REASON: Do you have any notable examples in mind of this?

MARCHETTI: Eisenhower, for example, lied about the fact that we were trying to overthrow the Indonesian Government in 1958 and so did the Secretary of State—and got everybody worked up. The New York Times was indignant and was writing nasty editorials about the Indonesian representative to the U.N. who said we behind the overthrow. Well, a few days later they shoot down one of the CIA's planes and capture the pilot—he was on a bombing run—and Eisenhower just said well, when you have a one percent chance of being believed you've got to lie. That was his attitude. Kennedy lied—you know, he said he'd like to break the CIA up and cast it to the wind and he left everybody with that impression and he did nothing of the sort.

REASON: What are some of the significant Kennedy lies that you can think of?

MARCHETTI: Well, there's one—operations against Cuba were continued at the same and even higher rates as before the Bay of Pigs and clearly from the information coming out now there were assassinations, assassination attempts, building new special boats for gunrunning and agent-running into Cuba. And now people like Martinez, Barker and these guys are beginning to talk and tell about all the things that were going on. Kennedy deceived the people on Vietnam—he's the guy who got us started in that; the secret war in Laos—he's the guy who did that; and he was the guy who sent us into the Congo. Kennedy's whole Alliance for Progress was a big joke, you know, that we were going to help the Latin Americans to pull themselves up by their bootstraps, to help them with land redistribution, balance the economy out a little bit better so that it wasn't 2 percent of the people owning 98 percent of everything. And at the very time that he was saying things like that and going through the motions he was pumping in military aid to the dictatorships and the like and the CIA was working to overthrow governments or prop up governments.

REASON: That raises an interesting point about the contrast between overt military action versus some sort of covert undercover way of dealing with an actual threat to national security. I've heard some people advance the idea that mass destruction or mass warfare of the kind that we have in the 20th century, because it involves killing large numbers of civilians is then one of the most immoral things that's ever been invented. From that standpoint, wouldn't it be less immoral to go in and assassinate the key leadership rather than to wage massive warfare?

MARCHETTI: Well—it's an interesting question. And it all hinges on whether you consider it moral or necessary to take the first step—that is, to overthrow the government.

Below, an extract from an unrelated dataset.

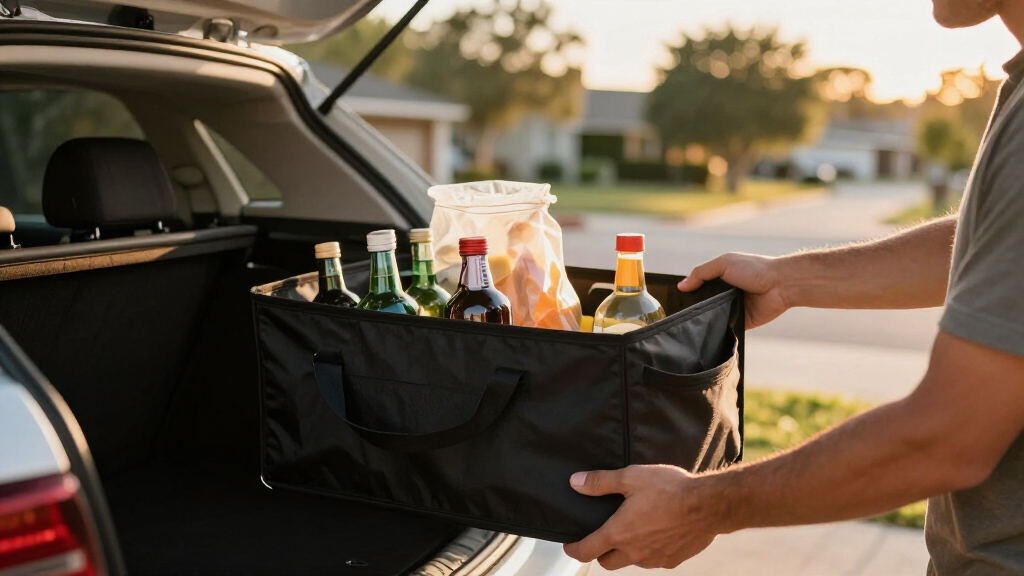 best car trunk organizers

If you could be assured that the simple assassination of the leader would achieve your goal, it may not be any more immoral to kill one person than to kill a thousand people with a surgical strike of some sort. It certainly would be more practical. But if you could be assured that that would do it, then maybe not for moral reasons, but for pragmatic reasons, you might say well let's do it that way.

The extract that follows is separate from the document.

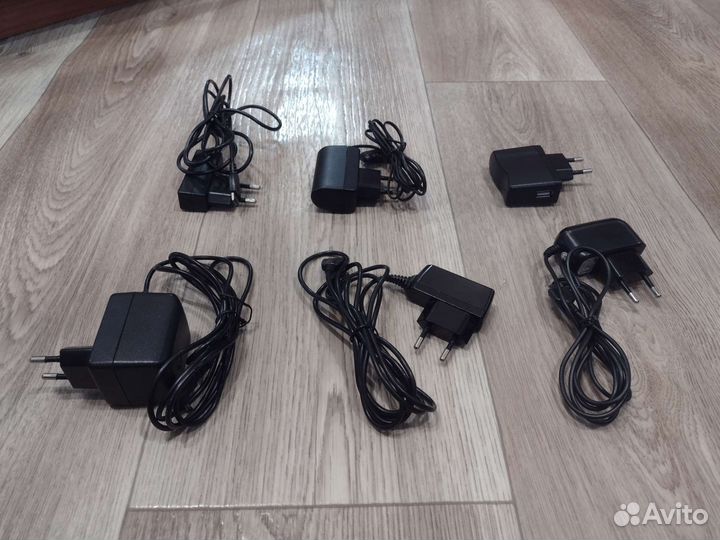 Адаптеры питания для Siemens,Sony ericsson,Samsung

However, I don't think there are very many cases where you're faced with that kind of a situation. First of all, I go on the assumption that the way you lead is by example, and not by manipulation and substitutes. And I feel that if we put our own house in order—if we had a healthy economy, strong democracy, viable society, that we were making our own democratic system as we understand from the Declaration of Independence, Constitution and everything, really work—that's where our real strength would come from and that's what would assure us of not only prosperity but of security and peace. And people would want to imitate us as they did one time—I mean people used to go around quoting from the Declaration of Independence and from the Constitution—but not anymore. Now what they go around saying is that if there were just a cholera epidemic, it was probably the CIA that did it! We get blamed for everything now whether it was our fault or not!

As much as you may want to help somebody or help them to help themselves, sometimes a situation is such that there's nothing you can do about it. When you get into some of these countries where they've gone on for centuries in poverty and repression and oligarchies or dictatorships, where you have the sons of the generals turning against the regime, the priests turning against the bishops and everybody, where you have now the new phenomenon of military dictatorships that are leftist (like Peru, Ethiopia, Portugal)—now what happened to the good old military juntas, you know? This says something about the root causes being so complicated or so overpowering that you can't go in there and do these kinds of things, because all you're simply doing is cutting a weed down, and you know when you get out there next Saturday it's going to be up again and maybe in two places.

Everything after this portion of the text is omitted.